しかし、すゞちやんは、片手をかためてしやぶりながら、ちがつた方を向いたきり、いくらをしへても、ちつともぽつぽを見ようとはしませんでした。
ぽつぽは、
「まあ、まだ/\お小さいんですね。いつになつたら、すゞちやんが、ぽつぽやとおつしやるでせうね。」と、さも、まちどほしさうにかう言ひました。
お母さまは、
「ほんとにいつのことでせうね。」と言ひながら、お乳の時間が来たので、すゞ子をおひざにとりました。
「なに、ぢきですよ。今にすゞちやんが一人で、ぽつぽのところへ来るやうになりますよ。」
ちようどいらしつてゐたお祖母(ばあ)さまは、かうおつしやりながら、お乳をいたゞいてゐるすゞちやんの、黒い髪の毛をおなでになりました。
「あゝ、ぽつぽに
、いゝものを上げてよ。」と、お母さまは、ふと思ひ出したやうに、帯の間から、小さな赤いお手帳を出してぽつぽにわたしました。
お父さまとお母さまとは、いつもすゞちやんが早く大きくなつてくれることばかりまつてゐました。ぽつぽも、そのことばかり言つてまつてゐました。
その十一月に、ぽつぽは、また、すゞちやんや、みんなと一しよに、ちがつた町の方へ遠く引つこしました。それは、ちか/″\に玉木の大叔母(おばあ)ちやんが、はる/″\曾祖母(ばあばあ)をつれて、すゞちやんを見に来て下さるからでした。
そして、あき子叔母(をば)ちやんもお家の人になるので、すゞちやんの生れたお家ではせまくてこまるからでした。

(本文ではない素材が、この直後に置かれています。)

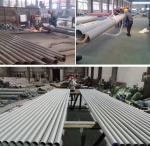 201 202 302 Cold Rolled 316 Stainless Steel Pipe For Building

すゞちやんは、とき/″\あき子叔母ちやんのおひざにだかれて、ぽつぽのかごのところへいきました。
ぽつぽはこちらのお家でもまたガラス戸の中へおかれてゐました。
すゞちやんは、ぽつぽのかごのわきに立つちをさせてもらふと、ちようどお口がふちのところへ来ました。

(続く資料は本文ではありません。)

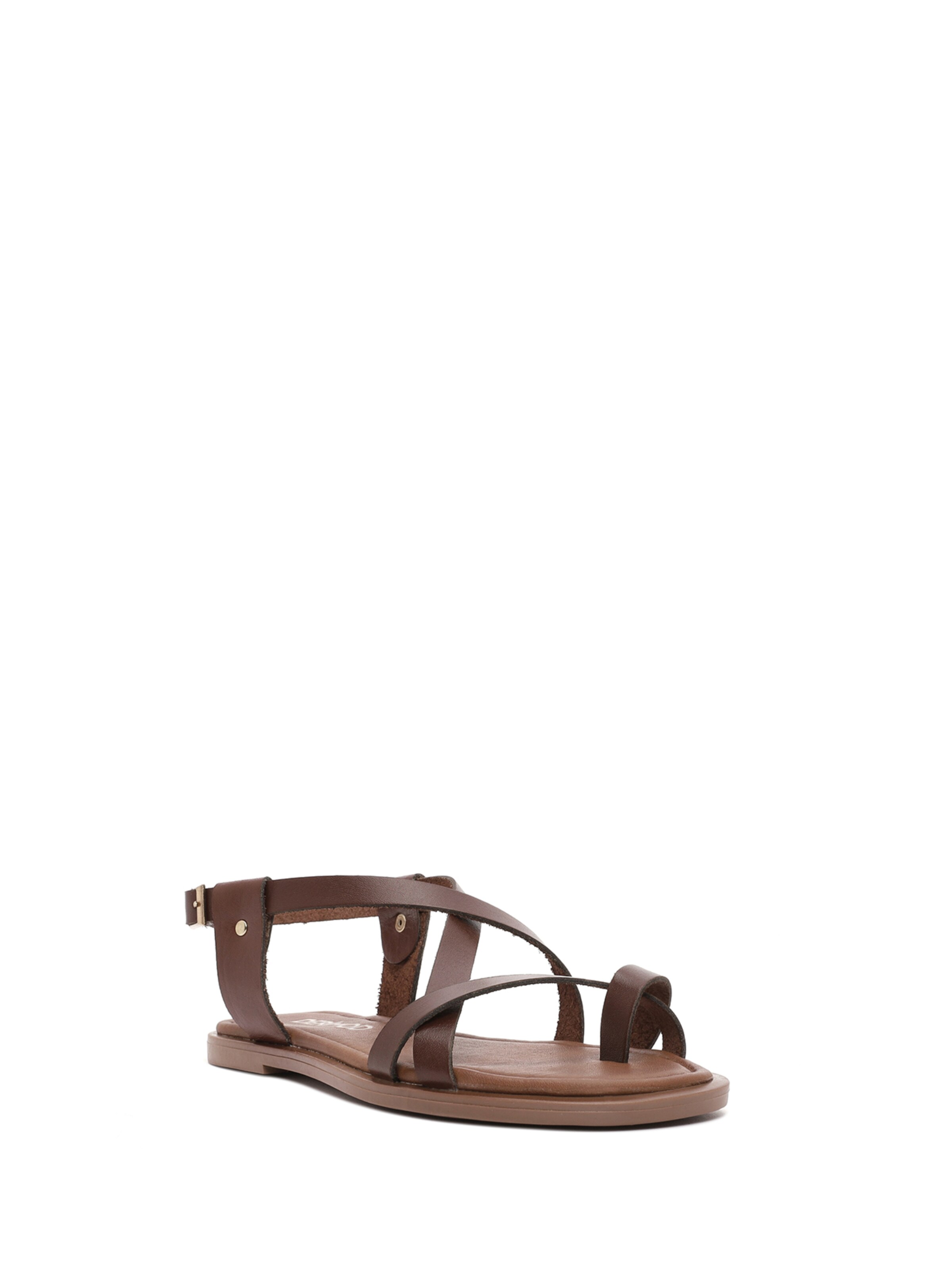 Sandales Derimod en marron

すると、すゞちやんはいつの間にか、ちゆッ/\と、ふちをしやぶつてゐました。
それから、お手(てて)にもつてゐるがら/\をふりました。
「まァ、すゞ子ちやんは、先(せん)から見ると、ずゐぶんおほきくおなりになりましたね。」
ぽつぽはかう言つて、叔母ちやんとお話をしました。
それからまた寒い冬が来ました。その冬があけると、すゞちやんはそろ/\はひ/\をし出しました。
それからまた青い八月がまはつて来ました。
すゞちやんは、歩いてはたふれ、歩いてはたふれして、よち/\ともう十足(とあし)ばかりあるけるやうになつてゐました。
そのときには、すゞちやんを見たい/\と言つておほさわぎをしてゐられた曾祖母(ばあばあ)も、もうこちらへ来ていらつしやいました。
或日、すゞちやんは、よち/\とおすだれのそとへかけて出ました。
あき子叔母ちやんは、
「あら、あぶない。」と言ひながら、あわてゝおつかけていきました。すゞちやんはもう少しでたふれるところを、ばたりと、ぽつぽのかごにつかまりました。
「すゞ子ちやん、こんちは、ぽッぽゥ、ぽッぽゥ。」と、ぽつぽがおじぎをしながら二人でかう言ひました。
するとすゞちやんはかごにつかまつたまゝ、そのまねをして、
「ぽッぽゥ、ぽッぽゥ。」と言ひ/\おじぎをしました。あき子叔母ちやんは、それを聞いて、
「おや、今のはすゞちやんでせうか。」と、ふしぎさうな顔をして、ぽつぽに聞きました。ぽつぽはにこ/\笑ひながら、
「えゝ、おしまひのはすゞ子ちやんですよ。まァおじやうずですこと。さあ、もう一ど言つてごらんなさい。ぽッぽゥ、ぽッぽゥ。」と、言ひました。
すゞちやんはまたまねをして、
「ぽッぽゥ、ぽッぽゥ。」と、おじぎをしました。あき子叔母ちやんはびつくりして、
「あら、まあ、ほゝゝ。ちよいと、すゞちやんがぽッぽゥ、ぽッぽゥつて言ひましたよ。」と、思はずおほきな声でお母さまをよびました。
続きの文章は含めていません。